Dr. Phieu said if Vietnamese agencies stamp on those passports and allow Chinese nationals holding such passports to enter, China then could claim this as Vietnam’s implicit recognition of its illegitimate territorial demands.

So, Vietnam should cooperate with other ASEAN countries to find an effective means of protest. ASEAN countries, especially those falling victim to China’s expansionist policy, need to deny entry to Chinese citizens who hold such passports, he added.

According to Le Vinh Truong, also of the Fund, China is “waging psychological warfare”. They tried to brainwash their citizens with wrong ideas, wrong facts, repeating them again and again in an effort to turn them into the “truth”, he added.

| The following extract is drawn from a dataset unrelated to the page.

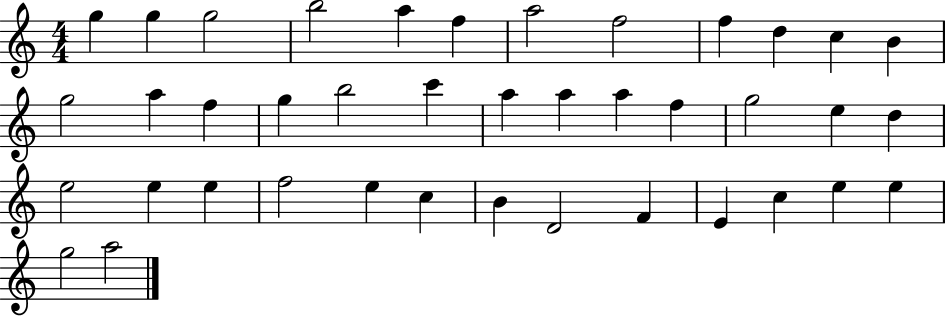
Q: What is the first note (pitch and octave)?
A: G5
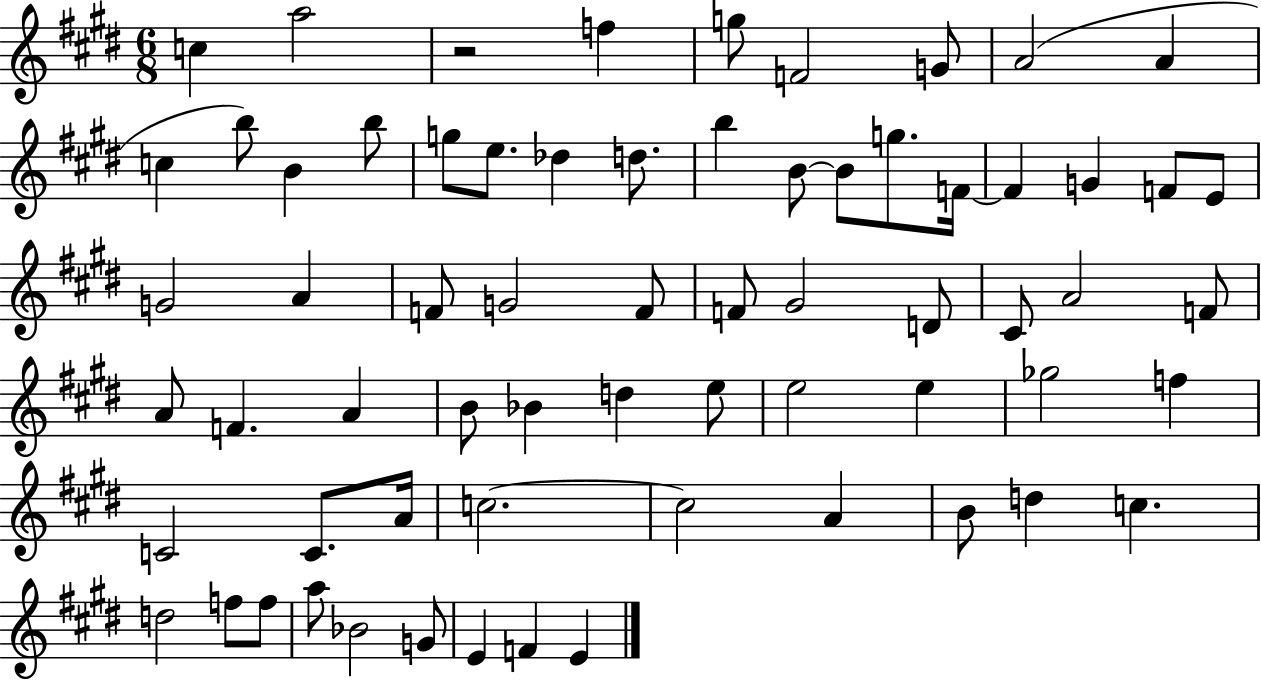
C5/q A5/h R/h F5/q G5/e F4/h G4/e A4/h A4/q C5/q B5/e B4/q B5/e G5/e E5/e. Db5/q D5/e. B5/q B4/e B4/e G5/e. F4/s F4/q G4/q F4/e E4/e G4/h A4/q F4/e G4/h F4/e F4/e G#4/h D4/e C#4/e A4/h F4/e A4/e F4/q. A4/q B4/e Bb4/q D5/q E5/e E5/h E5/q Gb5/h F5/q C4/h C4/e. A4/s C5/h. C5/h A4/q B4/e D5/q C5/q. D5/h F5/e F5/e A5/e Bb4/h G4/e E4/q F4/q E4/q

To cope, Truong advised Vietnamese authorities to stamp on such passports the words “Vietnam does not recognize the U-shaped line” in both English and Vietnamese.

On an official note, Vietnamese foreign spokesman Luong Thanh Nghi affirmed in Hanoi on November 22 that the act violated Vietnam’s sovereignty over Hoang Sa and Truong Sa archipelagoes as well as its sovereignty, sovereign rights and jurisdiction over related waters in the East Sea.

Representatives from the Vietnamese Foreign Ministry have met with representatives of the Chinese Embassy in Hanoi to hand a diplomatic note requesting China to annul the contents printed in the passport.

India replies in kind

According to Reuters, India is stamping its own map on visas it issues to holders of the new Chinese passports. China's new microchip-equipped passports contain a map that also shows as its territory two Himalayan regions that India claims.

"The correct map of India is stamped on to visas being issued on such passports," Reuters quoted one of the sources as saying.

In Beijing, Chinese Foreign Ministry Hua Chunying told a daily news briefing that China has selected the maps as background on the inside pages of the passports issued by the Ministry of Public Security in May.

"The design is not targeting a specific country," Hua said. "We hope that the relevant countries take a rational and sensible attitude ... to avoid causing interference with normal Sino-foreign personnel exchanges."